When we talk about vectors being perpendicular, we mean that they are at a right angle to each other, forming a perfect "L" shape. This characteristic is crucial when studying vector properties, as it shows how two directions can be completely independent of each other.

To determine if two vectors are perpendicular, we use the dot product of the two vectors. In mathematical terms, the dot product \[\mathbf{a} \cdot \mathbf{b} = a_1b_1 + a_2b_2 + a_3b_3 \]should equal zero. This implies that there's no overlap in direction between the two vectors at all.

• If the result is zero, the vectors are perpendicular.
• If not, they aren't perpendicular.

In the exercise, for example, we found that the dot products were not zero, so none of the given pairs of vectors were perpendicular.

When vectors are parallel, they move in the same direction or in directly opposite directions. This can be imagined like two lanes on a straight highway.

For vectors to be parallel, one vector must be a scalar multiple of the other. This means that each component of one vector is multiplied by the same number to obtain the corresponding component in the other vector.

• For example, if vector \( \mathbf{a} = 2 \mathbf{i} + 4 \mathbf{j} \), it's parallel with \( \mathbf{b} = 4 \mathbf{i} + 8 \mathbf{j} \), because \( \mathbf{b} = 2 \times \mathbf{a} \).

In the given problem, none of the vectors were scalar multiples of each other, which means none of the vectors were parallel. This was determined by checking if such a constant could multiply all components from one vector to match another vector.

The dot product is a fundamental operation when working with vectors. It's a way to multiply two vectors to get a scalar, rather than another vector.
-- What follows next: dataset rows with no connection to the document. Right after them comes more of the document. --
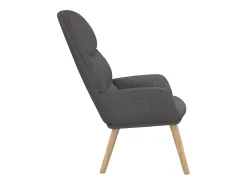 Sillón de relax de tela gris oscuro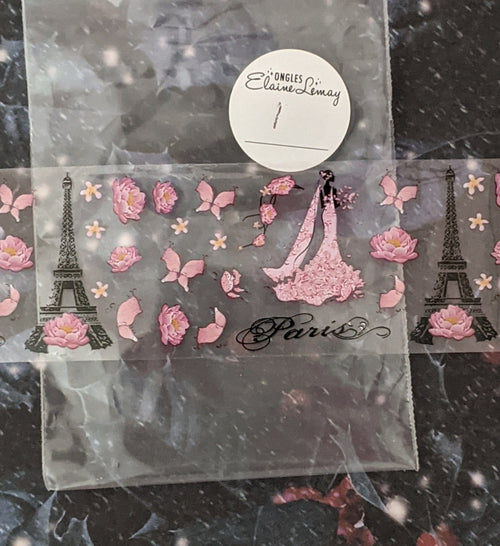 Foil papillon 1 - Ongles Elaine Lemay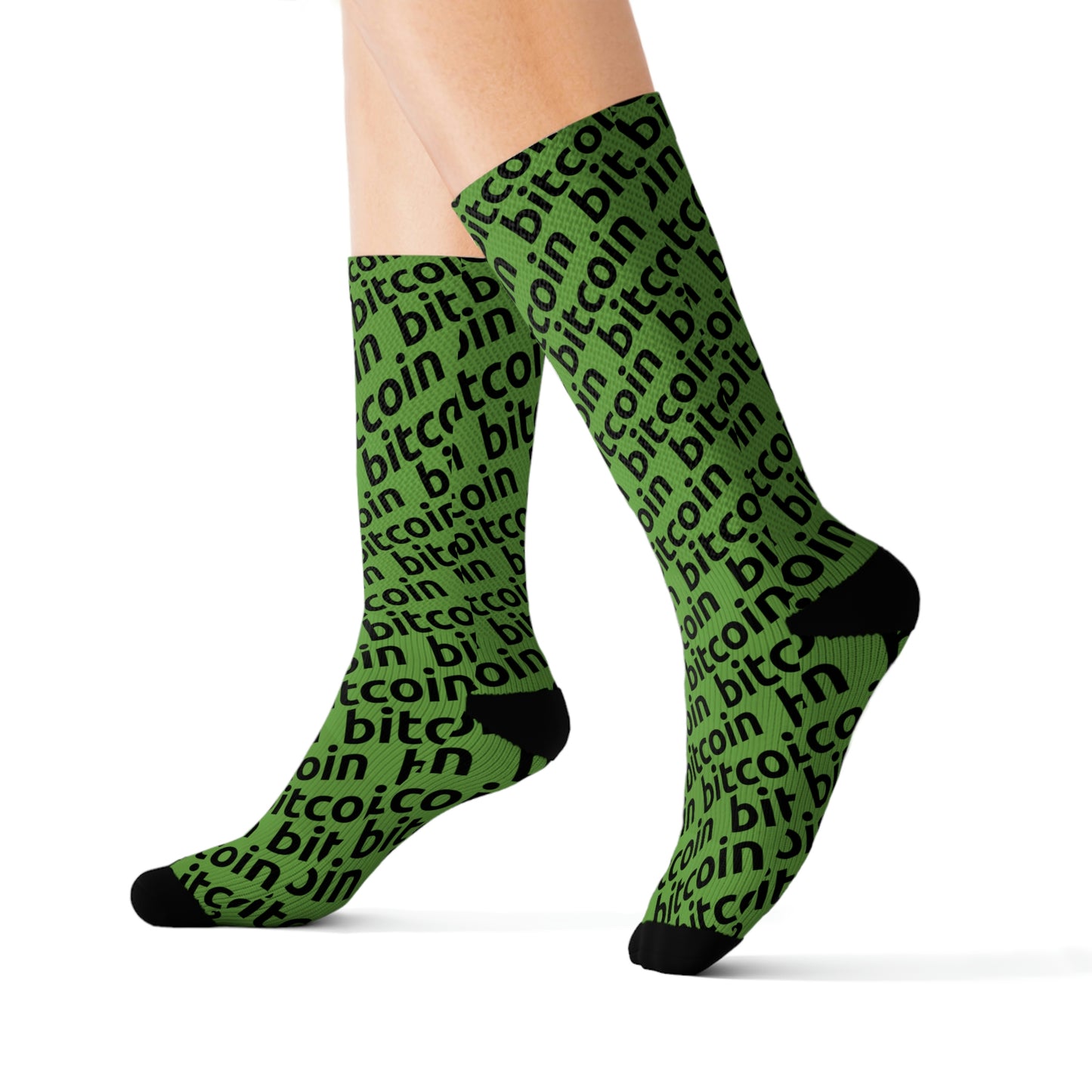 Bitcoin Green Socks Printify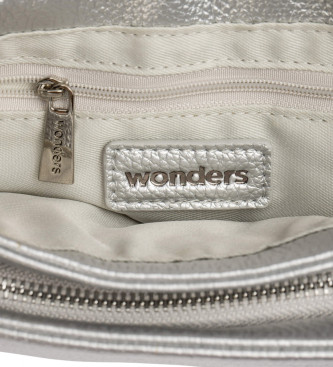 Wonders Bolsa de ombro Cora prateada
The expression for the dot product between two vectors \( \mathbf{a} \text{ and } \mathbf{b} \) is given by:\[\mathbf{a} \cdot \mathbf{b} = a_1b_1 + a_2b_2 + a_3b_3\]This formula produces a single number, representing how much one vector extends in the direction of another. It helps us analyze angles between vectors:

• When the dot product is zero, the vectors are perpendicular (or orthogonally related).
• When it isn't zero, they are not perpendicular.

Through the steps outlined in the exercise, we found that the dot products for the vector pairs given were not zero, identifying that none of the vectors were perpendicular.